**TASK DETAILS:**
In the reply, include exactly the lines of the entries below from the first to the line with "Hymer B MC T 600 Mercedes Foto: 2", that line included.

━━━ DATA PROVIDED

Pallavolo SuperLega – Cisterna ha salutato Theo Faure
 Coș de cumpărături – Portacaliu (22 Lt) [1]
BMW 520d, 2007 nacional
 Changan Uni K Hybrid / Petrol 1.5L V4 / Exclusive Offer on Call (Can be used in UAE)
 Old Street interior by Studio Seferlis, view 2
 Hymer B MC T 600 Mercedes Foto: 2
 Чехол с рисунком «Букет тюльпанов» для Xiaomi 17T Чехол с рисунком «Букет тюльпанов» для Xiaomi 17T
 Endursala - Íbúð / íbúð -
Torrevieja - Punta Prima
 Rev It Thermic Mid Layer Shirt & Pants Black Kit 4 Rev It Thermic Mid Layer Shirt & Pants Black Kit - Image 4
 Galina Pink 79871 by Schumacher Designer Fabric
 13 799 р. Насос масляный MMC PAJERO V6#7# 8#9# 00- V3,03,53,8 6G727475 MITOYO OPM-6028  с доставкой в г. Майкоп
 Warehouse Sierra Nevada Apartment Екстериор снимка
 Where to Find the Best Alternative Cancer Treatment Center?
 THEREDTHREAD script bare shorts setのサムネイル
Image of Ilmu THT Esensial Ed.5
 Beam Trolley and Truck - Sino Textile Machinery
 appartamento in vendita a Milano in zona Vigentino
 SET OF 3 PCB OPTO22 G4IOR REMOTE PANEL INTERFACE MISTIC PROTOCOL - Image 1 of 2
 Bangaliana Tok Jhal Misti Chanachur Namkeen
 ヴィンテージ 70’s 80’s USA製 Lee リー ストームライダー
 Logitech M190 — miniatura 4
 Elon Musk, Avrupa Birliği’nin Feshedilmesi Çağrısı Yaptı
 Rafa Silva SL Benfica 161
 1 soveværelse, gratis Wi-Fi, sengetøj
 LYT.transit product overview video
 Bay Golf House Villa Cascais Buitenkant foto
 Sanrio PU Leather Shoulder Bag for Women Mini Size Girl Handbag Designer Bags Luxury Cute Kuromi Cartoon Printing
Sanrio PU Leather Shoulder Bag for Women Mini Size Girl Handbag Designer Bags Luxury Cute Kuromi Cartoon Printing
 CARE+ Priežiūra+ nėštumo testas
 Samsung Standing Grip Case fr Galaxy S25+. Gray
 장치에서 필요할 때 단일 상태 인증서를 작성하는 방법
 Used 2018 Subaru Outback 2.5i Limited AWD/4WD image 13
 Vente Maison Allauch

━━━━━━

**ANSWER:**
Pallavolo SuperLega – Cisterna ha salutato Theo Faure
 Coș de cumpărături – Portacaliu (22 Lt) [1]
BMW 520d, 2007 nacional
 Changan Uni K Hybrid / Petrol 1.5L V4 / Exclusive Offer on Call (Can be used in UAE)
 Old Street interior by Studio Seferlis, view 2
 Hymer B MC T 600 Mercedes Foto: 2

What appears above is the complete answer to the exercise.